I want to highlight an important business trend in the E&C industry, that we have identified in the last 6 to 9 months, the volatility and oil crisis has created uncertainty in the business of E&C companies, with owner operators demanding more aggressive pricing from these companies. We believe that this in turn is driving a notable pickup in the interest and demand or our Aspen Capital Cost Estimation product by E&C companies. As I mentioned, this product was at the center of two of the transactions closed during the quarter. We believe AspenTech is the only company in the world to provide such product functionality in the process industry. Aspen Capital Cost Estimation improves the reliability of estimates, as quoted by our customers from plus or minus 30%, to plus or minus 10%. In the current climate of uncertainty this is a significant benefit for better use of capital.
This trend also validates that the breadth of functionality in our products and solutions, is also a positive in the current environment. During the third quarter the energy, engineering and construction, and chemical verticals, once again represented greater than 90% of our business. Energy was the largest vertical contributor, followed by chemicals, and engineering and construction. Looking at our 10 largest transactions in the quarter, there was again a mix of engineering and manufacturing supply chain deals, and both products which generated positive performance. We are benefiting from their ground level opportunity to grow the total number of aspenONE users, as well as the number of products per user, across both our engineering and manufacturing supply chain platforms.

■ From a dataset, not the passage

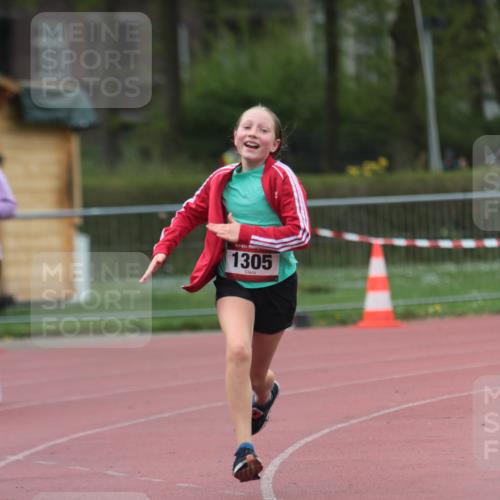 13.04.2025 - Hammer Lauf A. Gomolzig http://msf.ph/oto/7666958 13.04.2025 12:49:56 Ziel 998, 1305, 1707 meine-sportfotos.de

The significant investment we make each year in research and development, continues to enhance the product capabilities and user experience of the aspenONE platform. Next week we will be hosting our Biannual User Conference, OPTIMIZE 2015 in Boston, where we will demonstrate our latest innovations for more than 500 customers and prospects. We also expand our product capabilities with M&A, and during the third quarter we acquired the BLOWDOWN software technology, which enables oil and gas and chemical customers to model the safest way to depressurize the process plant by releasing through flow from process equipment in a controlled and operationally safe manner. This is a critical safety issue in plant design, and will enhance the capabilities of our engineering suite. We are seeing great interest in this acquisition from our base of engineering software users. While we continue to make meaningful investment in our products to drive future growth, we are also maintaining site expense management, that enables AspenTech to generate substantial free cash flow.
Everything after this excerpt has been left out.